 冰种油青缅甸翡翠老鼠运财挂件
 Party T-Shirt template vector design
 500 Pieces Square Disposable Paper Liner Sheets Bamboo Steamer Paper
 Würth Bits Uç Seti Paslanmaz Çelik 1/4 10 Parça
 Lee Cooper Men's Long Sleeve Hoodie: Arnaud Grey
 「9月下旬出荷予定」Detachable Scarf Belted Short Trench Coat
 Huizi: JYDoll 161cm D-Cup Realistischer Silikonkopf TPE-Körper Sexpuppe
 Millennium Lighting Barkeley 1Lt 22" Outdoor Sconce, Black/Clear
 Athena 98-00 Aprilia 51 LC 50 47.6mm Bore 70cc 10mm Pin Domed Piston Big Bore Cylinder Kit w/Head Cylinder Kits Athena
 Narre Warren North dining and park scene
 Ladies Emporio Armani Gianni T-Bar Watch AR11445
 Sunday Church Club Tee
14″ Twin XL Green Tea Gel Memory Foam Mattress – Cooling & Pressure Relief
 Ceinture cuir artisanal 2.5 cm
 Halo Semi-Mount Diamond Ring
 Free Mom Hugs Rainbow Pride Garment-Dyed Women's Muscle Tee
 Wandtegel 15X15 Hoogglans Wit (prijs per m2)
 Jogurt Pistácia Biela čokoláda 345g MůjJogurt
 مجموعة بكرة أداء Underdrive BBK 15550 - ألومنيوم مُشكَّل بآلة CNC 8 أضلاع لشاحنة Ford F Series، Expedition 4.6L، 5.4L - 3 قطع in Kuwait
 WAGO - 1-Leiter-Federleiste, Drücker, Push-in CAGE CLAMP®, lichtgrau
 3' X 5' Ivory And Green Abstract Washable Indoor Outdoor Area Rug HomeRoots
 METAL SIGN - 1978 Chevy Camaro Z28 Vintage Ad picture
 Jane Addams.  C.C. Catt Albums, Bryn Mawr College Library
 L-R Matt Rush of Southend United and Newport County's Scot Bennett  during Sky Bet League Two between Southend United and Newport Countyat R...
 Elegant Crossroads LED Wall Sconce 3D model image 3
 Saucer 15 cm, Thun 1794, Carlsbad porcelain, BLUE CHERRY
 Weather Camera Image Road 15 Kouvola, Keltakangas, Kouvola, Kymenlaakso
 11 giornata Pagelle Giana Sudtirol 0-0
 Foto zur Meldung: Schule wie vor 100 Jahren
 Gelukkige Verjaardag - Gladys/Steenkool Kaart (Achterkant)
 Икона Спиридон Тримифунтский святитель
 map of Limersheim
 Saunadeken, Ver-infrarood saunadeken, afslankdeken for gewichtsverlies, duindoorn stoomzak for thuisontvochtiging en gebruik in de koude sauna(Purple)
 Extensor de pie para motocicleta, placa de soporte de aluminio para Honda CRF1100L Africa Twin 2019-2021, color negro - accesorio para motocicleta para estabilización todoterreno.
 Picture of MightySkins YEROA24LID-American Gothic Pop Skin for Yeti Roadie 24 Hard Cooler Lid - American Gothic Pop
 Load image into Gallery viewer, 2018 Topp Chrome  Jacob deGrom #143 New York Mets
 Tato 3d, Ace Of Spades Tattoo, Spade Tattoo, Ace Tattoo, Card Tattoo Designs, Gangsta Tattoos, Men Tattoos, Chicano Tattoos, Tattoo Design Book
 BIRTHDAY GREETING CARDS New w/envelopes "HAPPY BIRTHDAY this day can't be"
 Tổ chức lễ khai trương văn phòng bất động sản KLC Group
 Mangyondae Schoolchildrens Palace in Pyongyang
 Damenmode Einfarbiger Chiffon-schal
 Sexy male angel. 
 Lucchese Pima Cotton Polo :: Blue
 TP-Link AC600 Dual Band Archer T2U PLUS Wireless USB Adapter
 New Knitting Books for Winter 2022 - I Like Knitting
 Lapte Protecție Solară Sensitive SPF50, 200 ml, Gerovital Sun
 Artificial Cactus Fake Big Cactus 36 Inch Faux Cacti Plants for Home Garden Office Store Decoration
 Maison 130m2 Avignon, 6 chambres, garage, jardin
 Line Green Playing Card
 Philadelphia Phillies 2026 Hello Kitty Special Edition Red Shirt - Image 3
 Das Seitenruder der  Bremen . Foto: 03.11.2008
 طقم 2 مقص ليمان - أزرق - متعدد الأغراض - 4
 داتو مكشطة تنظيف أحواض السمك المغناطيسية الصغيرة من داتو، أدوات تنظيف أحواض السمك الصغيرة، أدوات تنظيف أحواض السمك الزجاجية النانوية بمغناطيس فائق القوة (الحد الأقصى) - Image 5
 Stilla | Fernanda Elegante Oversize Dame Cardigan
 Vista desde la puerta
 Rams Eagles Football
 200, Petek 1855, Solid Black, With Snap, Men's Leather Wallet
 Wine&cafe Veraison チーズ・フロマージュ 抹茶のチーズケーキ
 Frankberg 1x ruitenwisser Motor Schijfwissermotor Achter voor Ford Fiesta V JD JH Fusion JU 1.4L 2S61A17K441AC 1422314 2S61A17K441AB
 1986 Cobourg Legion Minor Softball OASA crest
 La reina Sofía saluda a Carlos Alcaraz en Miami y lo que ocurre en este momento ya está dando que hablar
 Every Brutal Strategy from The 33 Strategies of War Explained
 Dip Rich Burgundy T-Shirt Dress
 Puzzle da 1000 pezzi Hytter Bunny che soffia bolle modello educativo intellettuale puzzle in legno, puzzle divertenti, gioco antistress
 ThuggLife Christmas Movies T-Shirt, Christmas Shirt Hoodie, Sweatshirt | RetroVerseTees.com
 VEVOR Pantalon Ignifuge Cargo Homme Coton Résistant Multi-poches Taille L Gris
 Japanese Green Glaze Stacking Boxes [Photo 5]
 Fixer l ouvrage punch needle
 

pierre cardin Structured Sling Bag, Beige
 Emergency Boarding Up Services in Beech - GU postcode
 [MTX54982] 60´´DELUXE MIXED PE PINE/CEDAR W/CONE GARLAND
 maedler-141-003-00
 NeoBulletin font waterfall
_ _ _ _ _
- **What the task requires**
Please return every line from the first one in the records above down to the line containing "Saunadeken, Ver-infrarood saunadeken, afslankdeken", including both, exactly as written and nothing more.

- **Output for this exercise**
 冰种油青缅甸翡翠老鼠运财挂件
 Party T-Shirt template vector design
 500 Pieces Square Disposable Paper Liner Sheets Bamboo Steamer Paper
 Würth Bits Uç Seti Paslanmaz Çelik 1/4 10 Parça
 Lee Cooper Men's Long Sleeve Hoodie: Arnaud Grey
 「9月下旬出荷予定」Detachable Scarf Belted Short Trench Coat
 Huizi: JYDoll 161cm D-Cup Realistischer Silikonkopf TPE-Körper Sexpuppe
 Millennium Lighting Barkeley 1Lt 22" Outdoor Sconce, Black/Clear
 Athena 98-00 Aprilia 51 LC 50 47.6mm Bore 70cc 10mm Pin Domed Piston Big Bore Cylinder Kit w/Head Cylinder Kits Athena
 Narre Warren North dining and park scene
 Ladies Emporio Armani Gianni T-Bar Watch AR11445
 Sunday Church Club Tee
14″ Twin XL Green Tea Gel Memory Foam Mattress – Cooling & Pressure Relief
 Ceinture cuir artisanal 2.5 cm
 Halo Semi-Mount Diamond Ring
 Free Mom Hugs Rainbow Pride Garment-Dyed Women's Muscle Tee
 Wandtegel 15X15 Hoogglans Wit (prijs per m2)
 Jogurt Pistácia Biela čokoláda 345g MůjJogurt
 مجموعة بكرة أداء Underdrive BBK 15550 - ألومنيوم مُشكَّل بآلة CNC 8 أضلاع لشاحنة Ford F Series، Expedition 4.6L، 5.4L - 3 قطع in Kuwait
 WAGO - 1-Leiter-Federleiste, Drücker, Push-in CAGE CLAMP®, lichtgrau
 3' X 5' Ivory And Green Abstract Washable Indoor Outdoor Area Rug HomeRoots
 METAL SIGN - 1978 Chevy Camaro Z28 Vintage Ad picture
 Jane Addams.  C.C. Catt Albums, Bryn Mawr College Library
 L-R Matt Rush of Southend United and Newport County's Scot Bennett  during Sky Bet League Two between Southend United and Newport Countyat R...
 Elegant Crossroads LED Wall Sconce 3D model image 3
 Saucer 15 cm, Thun 1794, Carlsbad porcelain, BLUE CHERRY
 Weather Camera Image Road 15 Kouvola, Keltakangas, Kouvola, Kymenlaakso
 11 giornata Pagelle Giana Sudtirol 0-0
 Foto zur Meldung: Schule wie vor 100 Jahren
 Gelukkige Verjaardag - Gladys/Steenkool Kaart (Achterkant)
 Икона Спиридон Тримифунтский святитель
 map of Limersheim
 Saunadeken, Ver-infrarood saunadeken, afslankdeken for gewichtsverlies, duindoorn stoomzak for thuisontvochtiging en gebruik in de koude sauna(Purple)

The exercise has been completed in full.